Problem requirements — Restate word for word the lines below, from the one containing "More Photos Of" through the final line, with no pictures included.

........

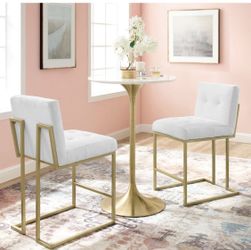 BRAND NEW Bar Stools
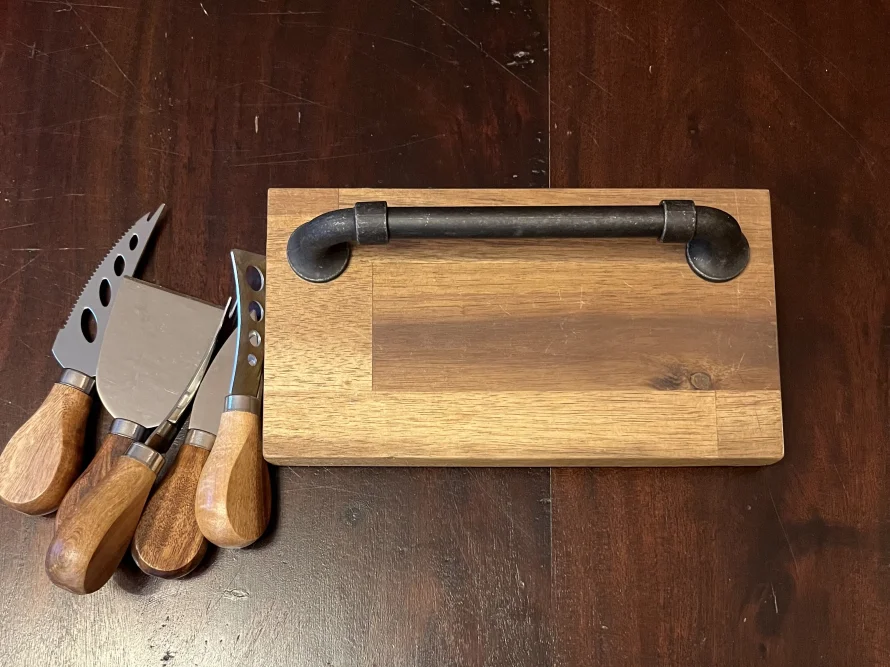 Käsebrett aus Holz mit Griff und drei Messern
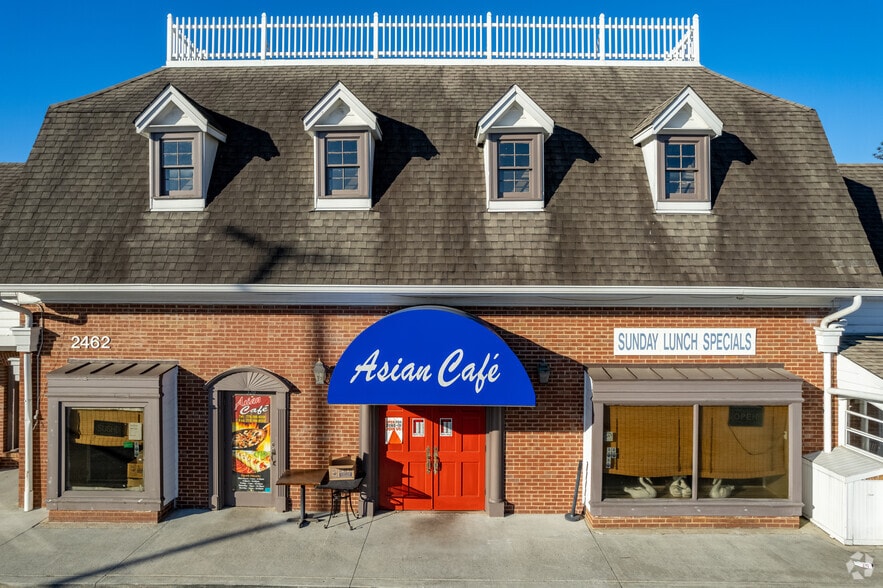 More Photos Of 2458-2482 Jett Ferry Rd, Dunwoody Storefront For Lease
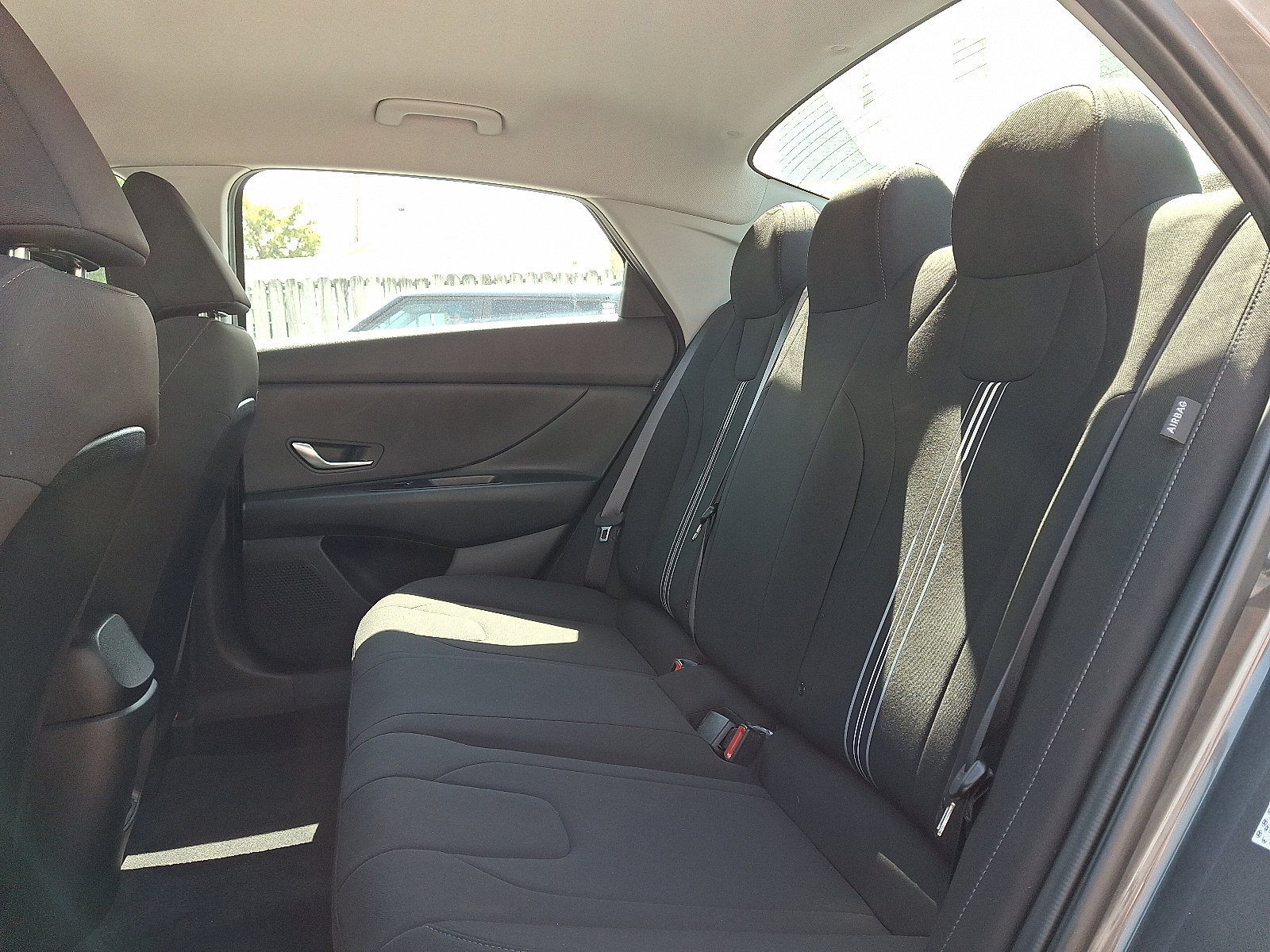 Used 2024 Hyundai Elantra SEL FWD image 10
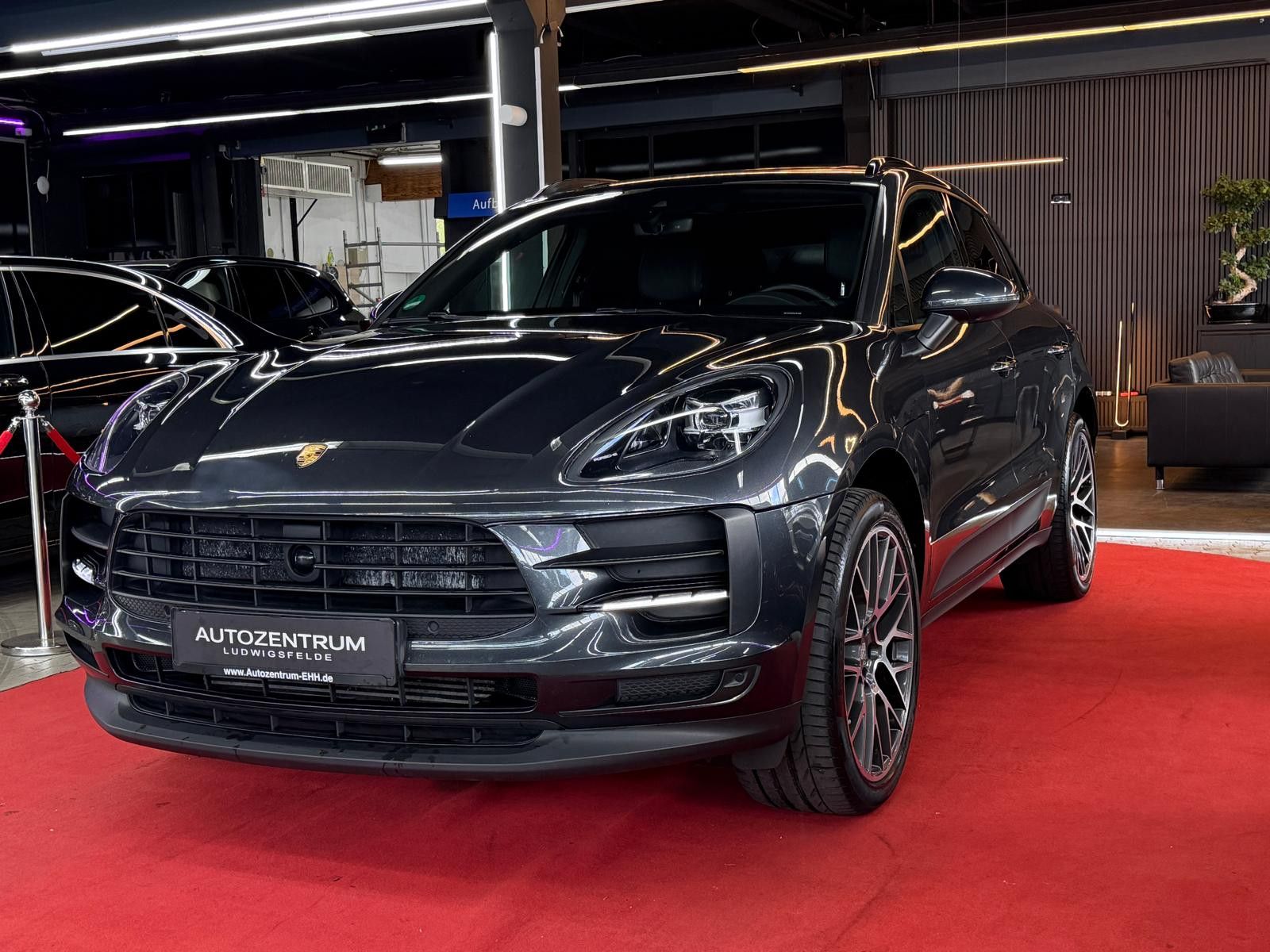 Porsche Macan 2.0 PANO ACC AHK KAM NAVI MEMORY 21-ZOLL foto 3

........

Expected answer —
 More Photos Of 2458-2482 Jett Ferry Rd, Dunwoody Storefront For Lease
 Used 2024 Hyundai Elantra SEL FWD image 10
 Porsche Macan 2.0 PANO ACC AHK KAM NAVI MEMORY 21-ZOLL foto 3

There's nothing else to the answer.